Go to the line with "年过半百未婚无子，用心做慈善却被质疑作秀" in the records below, then output it and each following line exactly, up to and including the line with "Pvc stapelstoeleen - afbeelding". Skip pictures and add nothing.
[Exercise input — start]
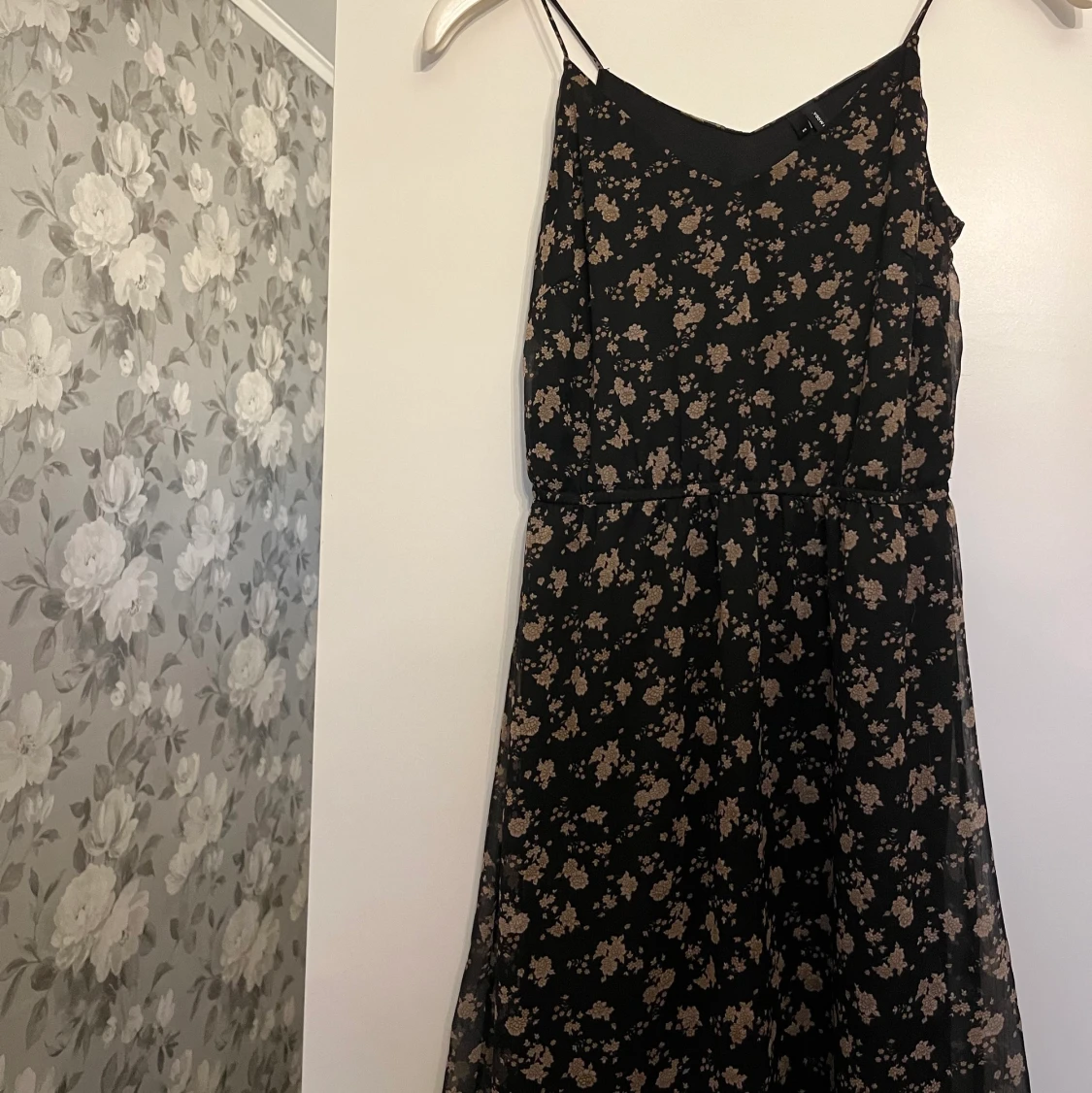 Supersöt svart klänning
[Exercise input — finish]
[Exercise input — start]
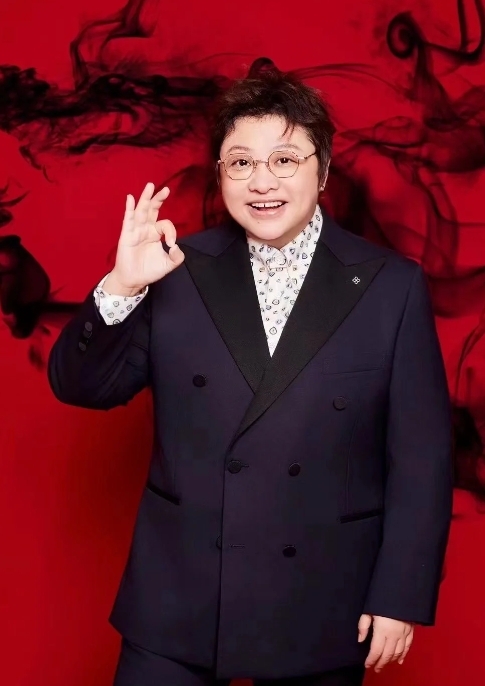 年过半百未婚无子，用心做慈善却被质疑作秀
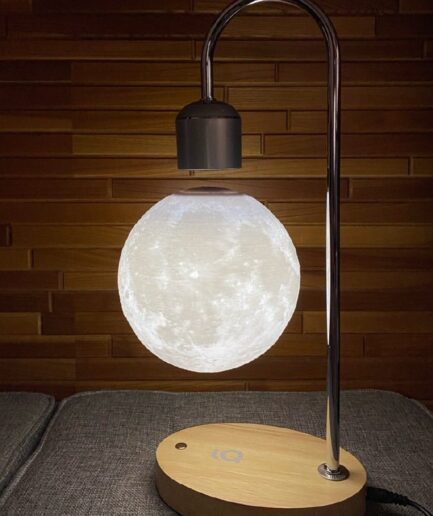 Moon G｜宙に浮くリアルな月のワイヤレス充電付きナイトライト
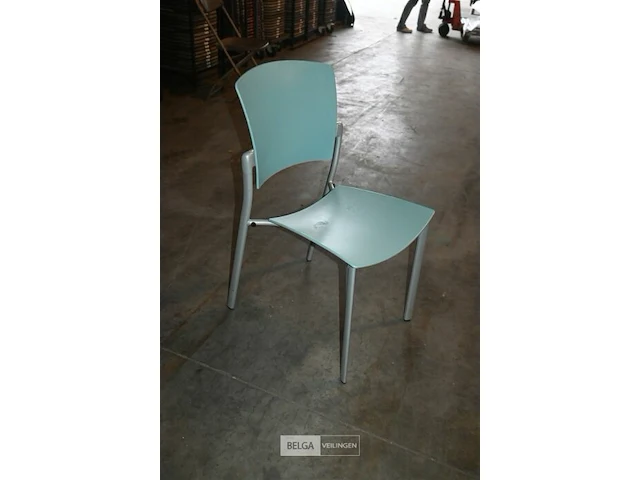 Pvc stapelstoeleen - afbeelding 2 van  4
[Exercise input — finish]
[Exercise input — start]
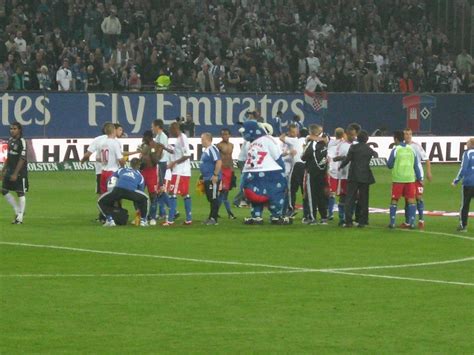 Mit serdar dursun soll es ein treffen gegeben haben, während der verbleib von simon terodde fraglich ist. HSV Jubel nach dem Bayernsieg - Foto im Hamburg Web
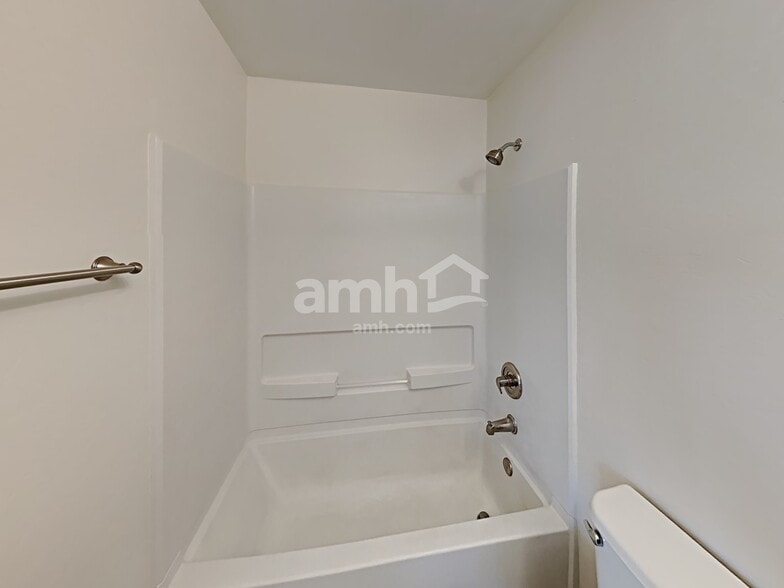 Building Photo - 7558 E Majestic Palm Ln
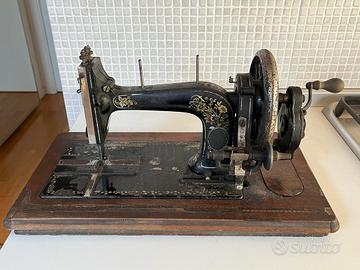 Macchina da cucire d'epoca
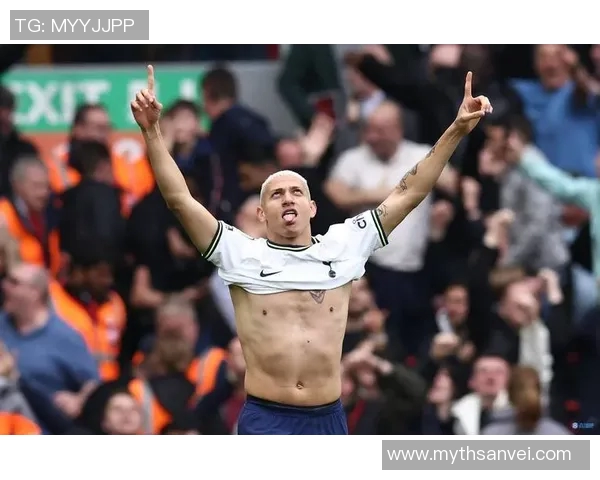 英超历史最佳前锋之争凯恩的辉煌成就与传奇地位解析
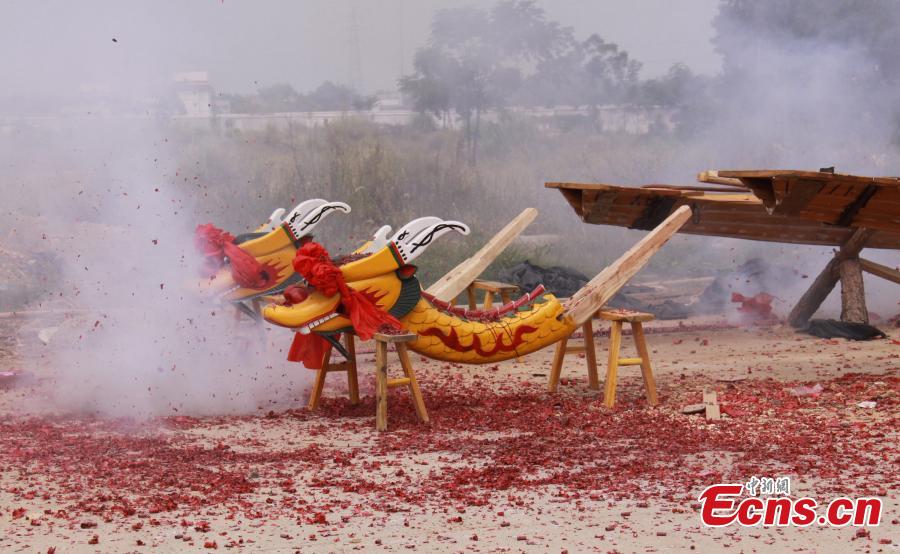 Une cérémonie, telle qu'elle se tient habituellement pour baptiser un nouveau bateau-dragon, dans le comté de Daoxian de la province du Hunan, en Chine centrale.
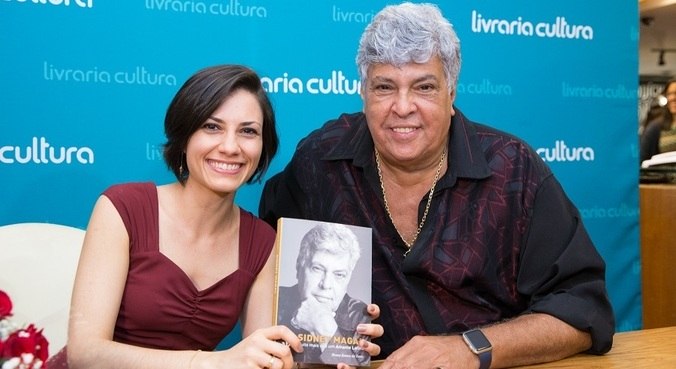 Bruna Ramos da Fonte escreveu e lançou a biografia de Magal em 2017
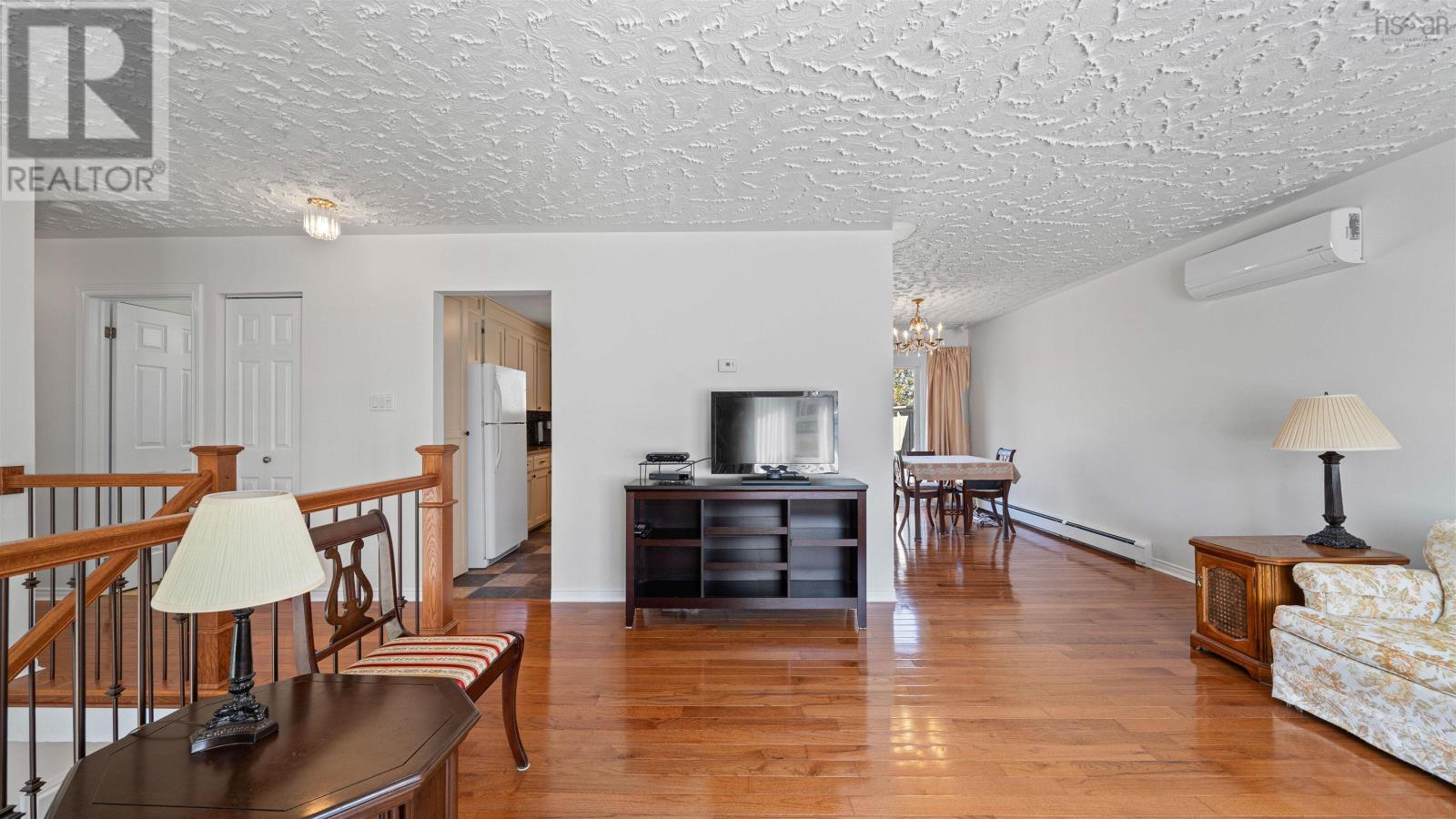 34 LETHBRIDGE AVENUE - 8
[Exercise input — finish]
**Result of the exercise:**
 年过半百未婚无子，用心做慈善却被质疑作秀
 Moon G｜宙に浮くリアルな月のワイヤレス充電付きナイトライト
 Pvc stapelstoeleen - afbeelding 2 van  4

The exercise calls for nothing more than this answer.